(Brief descriptive captions)

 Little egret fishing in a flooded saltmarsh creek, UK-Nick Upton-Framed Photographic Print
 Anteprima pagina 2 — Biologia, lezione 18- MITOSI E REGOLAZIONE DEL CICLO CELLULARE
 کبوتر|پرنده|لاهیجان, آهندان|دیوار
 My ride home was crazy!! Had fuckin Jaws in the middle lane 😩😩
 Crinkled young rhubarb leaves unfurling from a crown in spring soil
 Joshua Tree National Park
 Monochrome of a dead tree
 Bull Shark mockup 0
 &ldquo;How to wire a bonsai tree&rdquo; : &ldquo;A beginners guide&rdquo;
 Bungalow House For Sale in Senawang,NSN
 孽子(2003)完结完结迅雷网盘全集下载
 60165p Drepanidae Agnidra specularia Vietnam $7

_Required work_
Word-for-word copies of all the records are required.

_Output for this exercise_
 Little egret fishing in a flooded saltmarsh creek, UK-Nick Upton-Framed Photographic Print
 Anteprima pagina 2 — Biologia, lezione 18- MITOSI E REGOLAZIONE DEL CICLO CELLULARE
 کبوتر|پرنده|لاهیجان, آهندان|دیوار
 My ride home was crazy!! Had fuckin Jaws in the middle lane 😩😩
 Crinkled young rhubarb leaves unfurling from a crown in spring soil
 Joshua Tree National Park
 Monochrome of a dead tree
 Bull Shark mockup 0
 &ldquo;How to wire a bonsai tree&rdquo; : &ldquo;A beginners guide&rdquo;
 Bungalow House For Sale in Senawang,NSN
 孽子(2003)完结完结迅雷网盘全集下载
 60165p Drepanidae Agnidra specularia Vietnam $7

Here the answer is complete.